28 Tem 2009

Ağva

Ağva yaz aylarında muhteşem oluyor. Hem İstanbul'a yakın olması hem de denize girebilmek için ideal yerlerden biri olması nedeniyle sıkça tercih ettiğimiz yerler arasındadır.
Biz Avrupa Yakasından gittiğimiz için önce FSM Köprüsünü geçip Beykoz'daki Acar Konaklarının ilerisinden Şile yoluna girdik.
Cuma iş çıkışı 7.30 gibi yola çıkmıştık. Yaklaşık 10 gibi de Ağva'ya varmıştık.
Yolda Polonezköyü geçip Şile'ye doğru ilerledik. Şile'den Ağva'ya iki farklı ulaşım yolu vardı. Birincisi sahilden, diğeri ise ormanlık bölümdendi. Biz yolda sorduğumuzda yolu daha kısa dedikleri için ormanlık bölümden gittik. Fakat çok ıssızdı ve etrafta başka hiçbir araba yoktu. Epey korktuk , o yolda önümüze birşey çıksaydı yada bizi durdursalardı herhalde kimsenin haberi olmazdı.Gerçi ertesi gün diğer yolun da bundan pek bir farkı olmadığını öğrendik. O yüzden çok geçe kalmamak en iyisi.

Biz Ağva'da Alesta Butik Otel'de kaldık.


















Önceden internetten araştırma yapıp, rezervasyonla otele gittik. (Yaz sezonunda yoğunluktan yer bulunmak bazen zor oluyor). Biz açıkçası otelden memnun kaldık , butik otel anlayışının fazlaca farkında oldukları kesindi :) Sürekli bir ilgi bir alaka içindeydiler :)) Fakat şunu söylemeliyim ki dışarda gezince nehir boyu daha lüks otellerin de olduğunu gördük. O yüzden biraz da riske girip kalacak yeri orda bulmaya çalışmak da iyi olabilir.


Nehir kenarındaki otellere girişler haftasonu paketiyle. Yani cumadan pazara kadar almanız şart. Fiyatlar da yaklaşık olarak her otelde aynı.
Ertesi gün sabah kahvaltıdan önce biraz etrafta yürüdük. Nehir kenarından Karadeniz sahiline doğru ilerledik.

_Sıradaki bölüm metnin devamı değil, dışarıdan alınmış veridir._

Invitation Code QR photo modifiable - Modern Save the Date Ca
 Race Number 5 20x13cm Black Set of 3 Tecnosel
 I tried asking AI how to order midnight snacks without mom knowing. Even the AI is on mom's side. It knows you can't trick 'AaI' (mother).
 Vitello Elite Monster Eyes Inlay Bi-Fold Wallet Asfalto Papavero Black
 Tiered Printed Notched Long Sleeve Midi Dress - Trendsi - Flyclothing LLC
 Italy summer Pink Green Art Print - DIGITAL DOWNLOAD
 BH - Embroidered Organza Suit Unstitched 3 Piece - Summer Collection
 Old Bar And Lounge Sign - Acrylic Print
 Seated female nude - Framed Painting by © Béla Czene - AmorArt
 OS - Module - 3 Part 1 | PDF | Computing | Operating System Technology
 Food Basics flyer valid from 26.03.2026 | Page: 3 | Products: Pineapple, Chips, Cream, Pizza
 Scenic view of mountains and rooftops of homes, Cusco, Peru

Etraf epey sessiz ve sakindi.
Daha sonra otelde kahvaltımızı yaptıktan sonra sahile indik. Zaten nehirin devamı sahildi. Sahilde şemsiye ve şezlongların olduğu bir bölüm var ki günlük onları kiralayabiliyorsunuz. Biz kiralamayı tercih ettik. Deniz de gayet temizdi ve sıcaktı, hem 20 metrede bir cankurtaran vardı (düdükle açılanları uyarıyorlardı.)














Sahilden çok fazla açılmak yasaktı, belli bir yere kadar da denizi sınırlandırmışlardı. Çünkü çok sık boğulma vakaları olabiliyormuş. Karadeniz'in dalgaları büyük, iyi yüzme bilmiyorsanız dikkatli olmanız gerekir.
Cumartesi günü saat 3'e kadar denizde durduktan sonra otele geçtik.
Otelin önünde nehir vardı. Nehire de girebiliyorduk. Önce nehire girdik. Suyu sıcaktı ve temizdi. Fakat nehir olması nedeniyle ben çok fazla yüzemedim korktum :) Onun yerine otelde bulunan bisiklete binmeyi tercih ettik.
Bisikletle nehiri bir baştan bir başa gezdik. Bir de Ağva'dan olta aldık ki balık tutma maceramızı hala unutamam.
Nehirde bir dolu balık vardı, oturduğumuz yerden onları çok kolay görebiliyorduk. Biz de o heyecanla bisikletin üstünden balık tutmaya uğraştık. Belki 4 saat uğraşmışızdır ama ne yazıkki hiç balık tutamadık :)) (balıklar akıllıydı kesin, yoksa biz beceriksiz değildik ki :) ama en azından uğraştık o kısmı da gayet eğlenceliydi.
Akşam olunca da otelde canlı müzik vardı onu dinledik. Nehirin kenarındaki minderlere oturarak ,o romantik havada müziğe eşlik etmek güzeldi.




















Ertesi gün kahvaltıdan sonra tekrar nehirde yüzdük ve yine balık macerasına devam ettik.Tabi yine tutamadık :)
Daha sonra otelin düzenlemiş olduğu tekne gezisine çıktık. Nehiri bir baştan bir başa gezdik.
Çok güzel bir haftasonuydu bizim için, iki gün sanki bize bir haftaymış gibi geldi.